Schedule:
Wednesday, June 1, 2016
Seacliff B (Hyatt Regency San Francisco)
* noted as presenting author
Elizabeth Moschella, MA, Doctoral student, University of New Hampshire, Durham, Durham, NH
Introduction. Bystander intervention is a promising strategy for violence prevention. One recent study found that 30% of domestic violence incidents and 60% of victimizations by peers of caregivers have a third party, or potential bystander present. Recent evaluations of bystander focused prevention efforts for bulling, sexual violence, and relationship abuse show that this framework can change attitudes and behaviors that influence victimization. Bystanders are particularly important because they are part of the social context of prevention as instruments of social norms, collective efficacy, and informal social control – all social processes that have been associated with rates of victimization. To date, however, prevention strategies have been limited by the narrow theories on which many efforts are based. A revised theory: Bystander Action Coils has been proposed. It highlights the importance of understanding consequences of bystander action for prevention success and better understanding the community context of bystander intervention. This presentation will provide an overview of this revised model, present empirical data in support of the theory, and results of a new measure of bystander consequences that can be used to understand prevention effects.

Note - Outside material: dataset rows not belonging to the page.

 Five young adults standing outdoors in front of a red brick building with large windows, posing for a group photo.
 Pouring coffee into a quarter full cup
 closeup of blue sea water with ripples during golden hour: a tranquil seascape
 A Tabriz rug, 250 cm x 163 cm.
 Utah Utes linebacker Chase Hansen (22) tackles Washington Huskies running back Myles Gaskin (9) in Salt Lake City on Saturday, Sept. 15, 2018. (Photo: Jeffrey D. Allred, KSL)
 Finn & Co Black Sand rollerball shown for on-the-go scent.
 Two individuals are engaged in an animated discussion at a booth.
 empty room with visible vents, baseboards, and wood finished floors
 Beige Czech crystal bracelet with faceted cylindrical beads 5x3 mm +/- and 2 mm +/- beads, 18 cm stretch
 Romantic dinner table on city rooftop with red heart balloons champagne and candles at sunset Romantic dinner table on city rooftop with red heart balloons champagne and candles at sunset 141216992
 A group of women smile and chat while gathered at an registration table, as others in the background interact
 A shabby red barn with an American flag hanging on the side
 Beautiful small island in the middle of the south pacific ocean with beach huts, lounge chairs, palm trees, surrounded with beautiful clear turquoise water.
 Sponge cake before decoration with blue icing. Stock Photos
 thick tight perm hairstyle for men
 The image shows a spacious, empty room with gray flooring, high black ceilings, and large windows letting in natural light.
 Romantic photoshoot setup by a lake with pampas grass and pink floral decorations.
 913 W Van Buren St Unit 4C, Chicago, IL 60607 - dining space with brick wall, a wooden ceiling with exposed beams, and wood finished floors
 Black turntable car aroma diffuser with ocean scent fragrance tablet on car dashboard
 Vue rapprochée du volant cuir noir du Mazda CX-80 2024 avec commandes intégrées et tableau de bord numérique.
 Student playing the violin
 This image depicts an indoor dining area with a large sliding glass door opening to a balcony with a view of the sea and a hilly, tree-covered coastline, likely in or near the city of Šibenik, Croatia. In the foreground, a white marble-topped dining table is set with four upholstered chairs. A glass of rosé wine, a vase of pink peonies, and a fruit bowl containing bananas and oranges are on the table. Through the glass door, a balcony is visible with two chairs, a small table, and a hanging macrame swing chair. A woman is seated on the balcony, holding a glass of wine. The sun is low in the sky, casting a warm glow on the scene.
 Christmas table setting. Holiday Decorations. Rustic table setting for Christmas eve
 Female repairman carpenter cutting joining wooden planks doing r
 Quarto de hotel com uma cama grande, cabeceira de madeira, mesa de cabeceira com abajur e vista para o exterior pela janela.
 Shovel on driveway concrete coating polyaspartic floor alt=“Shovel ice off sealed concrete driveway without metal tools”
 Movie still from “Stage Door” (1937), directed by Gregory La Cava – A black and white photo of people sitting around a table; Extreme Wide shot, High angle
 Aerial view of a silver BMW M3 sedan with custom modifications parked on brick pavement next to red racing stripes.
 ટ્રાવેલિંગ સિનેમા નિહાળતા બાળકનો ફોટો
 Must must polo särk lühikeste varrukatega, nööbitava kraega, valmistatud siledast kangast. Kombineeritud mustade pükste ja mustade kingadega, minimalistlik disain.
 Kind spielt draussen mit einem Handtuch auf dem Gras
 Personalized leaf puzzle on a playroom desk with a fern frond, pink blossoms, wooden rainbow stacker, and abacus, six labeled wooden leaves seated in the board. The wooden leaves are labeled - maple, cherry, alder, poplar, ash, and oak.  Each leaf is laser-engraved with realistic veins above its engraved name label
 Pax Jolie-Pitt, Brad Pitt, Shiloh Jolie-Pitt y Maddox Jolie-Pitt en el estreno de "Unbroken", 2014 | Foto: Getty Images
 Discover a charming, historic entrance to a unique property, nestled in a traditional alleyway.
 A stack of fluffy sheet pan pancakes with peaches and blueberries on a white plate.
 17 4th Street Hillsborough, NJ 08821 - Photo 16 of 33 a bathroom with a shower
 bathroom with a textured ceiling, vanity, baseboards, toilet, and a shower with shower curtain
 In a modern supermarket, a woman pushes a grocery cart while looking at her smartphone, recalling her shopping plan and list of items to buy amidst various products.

Methods. Data are drawn from two studies of bystander intervention to prevent sexual and relationship violence. The first is a sample of 980 college students from two campuses in the northeast. They were asked questions about bystander action as well as individual and community level influences on bystander behavior (confidence and sense of responsibility as a bystander is an example of an individual level variable while sense of community and peer norms are more community perceptions). The data illustrate the importance of an expanded model for understanding bystanders to interpersonal violence. The second study of 300 undergraduates asked participants about bystander actions they may have performed and follow-up questions related to positive and negative consequences they experienced.
Results: Analyses provide some testing of the Bystander Action Coils model. First, regression analyses examined the contribution of contextual variables (perceptions of collective efficacy and peer norms) to bystander behavior, illustrating the need to attend to the context of bystander action. A second set of analyses presents preliminary psychometrics of a new measure of bystander consequences.
Conclusions. Empirical findings support the need for an expanded model of bystander focused prevention. Bystander focused prevention needs to move beyond mobilizing individuals to engaging full communities.